Una pascua en San Marcos fue publicado en la revista habanera El Álbum en 1838, El ranchador, escrito al año siguiente, no se publicó hasta 1856, en la revista La Piragua. Son textos muy diferentes entre sí, como también lo fueron sus autores: Palma, de veintiséis años a la sazón, resultó ser un grafómano incorregible -poeta, narrador, crítico...-; Morillas, nueve años mayor que él, sería en cambio un publicista escurridizo y reticente -lo que tal vez explique el misterio de El ranchador, ignorado
por todos los historiadores de la literatura cubana-, cuya única otra obra estimable es la Memoria sobre los medios de fomentar y generalizar la industria, premiada en 1838 por la Sociedad Económica de Amigos del País.
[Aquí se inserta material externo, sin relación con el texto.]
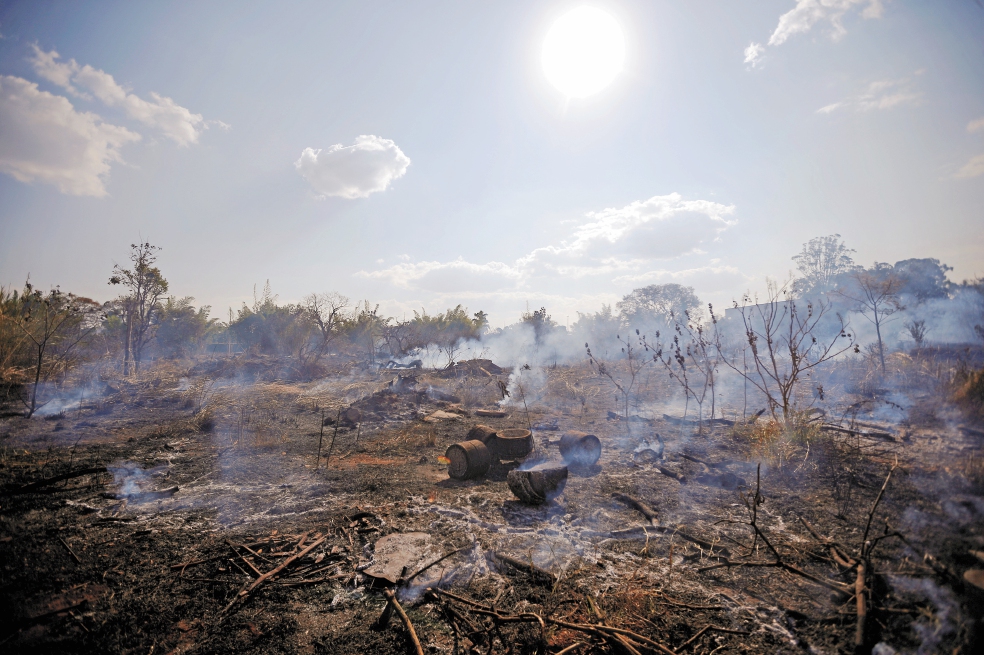 Bolsonaro apunta a ONG por incendios en la Amazonia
El hecho de que esta colección haya decidido reunir ambos relatos en un solo volumen nos inclina a hacer comparaciones que de otro modo hubieran podido parecer improcedentes. Surgen ambos en un clima literario dominado a escala mundial por el romanticismo. La famosa batalla de Hernani -alusión al polémico estreno, en 1830, de la susodicha pieza de Victor Hugo- fue el bautizo de fuego del movimiento, que en España se consolidó entre 1834 y 1835 con los dramas de Martínez de la Rosa, de Larra y del Duque de Rivas. En México, Ignacio Rodríguez Galván comienza a editar en 1837 las analectas de El Año Nuevo; en Argentina, un año después -el mismo en que aparece Una pascua en San Marcos- Esteban Echeverría, que acaba de publicar La cautiva
, funda la Asociación de Mayo. Los jóvenes románticos de Hispanoamérica están empeñados en la riesgosa tarea de escribir sobre asuntos, personajes y paisajes del entorno inmediato para forjar con ellos la literatura americana, una obra que puedan llamar propia aunque todavía se exprese con la rancia sintaxis del español peninsular. Palma mismo había publicado en 1837, en el Aguinaldo Habanero, la leyenda Matanzas y Yumurí
, con la que inauguraba en Cuba un indianismo arqueológico que, cinco años antes, había tenido brotes más genuinos en Netzula
, del mexicano José María Lafragua.
Para la narrativa isleña, la tertulia habanera de Domingo del Monte fue lo que, por esa misma época, significó la Academia de Letrán para la mexicana. Todo el periodo de fundación -el brevísimo lapso que se extiende de 1837 a 1840- estuvo marcado por el magisterio de Del Monte y la porfiada actividad de su tertulia. Gracias a éstos fueron tempranamente leídos los innovadores -Walter Scott y Manzoni, desde luego, pero también Balzac y un tal Victor Hugo, quien en 1823 había publicado una novelita, Bug-Jargal, que los vehementes y bisoños narradores cubanos no tardaron en elevar a la categoría de modelo-. Pero, además, fue en la tertulia delmontina donde se forjó un corpus literario sui géneris, la llamada narrativa antiesclavista. Constituida sobre todo por novelas y relatos, la narrativa esclavista desbordó las fronteras genéricas y geográficas al incluir la insólita autobiografía del esclavo-poeta Juan Francisco Manzano y una novela de la joven poetisa Gertrudis Gómez de Avellaneda que apareció en Madrid en 1841. No parece que Morillas haya tenido el privilegio de pertenecer, como Palma, al cenáculo de Del Monte, pero hubiera bastado El ranchador para otorgarle las debidas credenciales.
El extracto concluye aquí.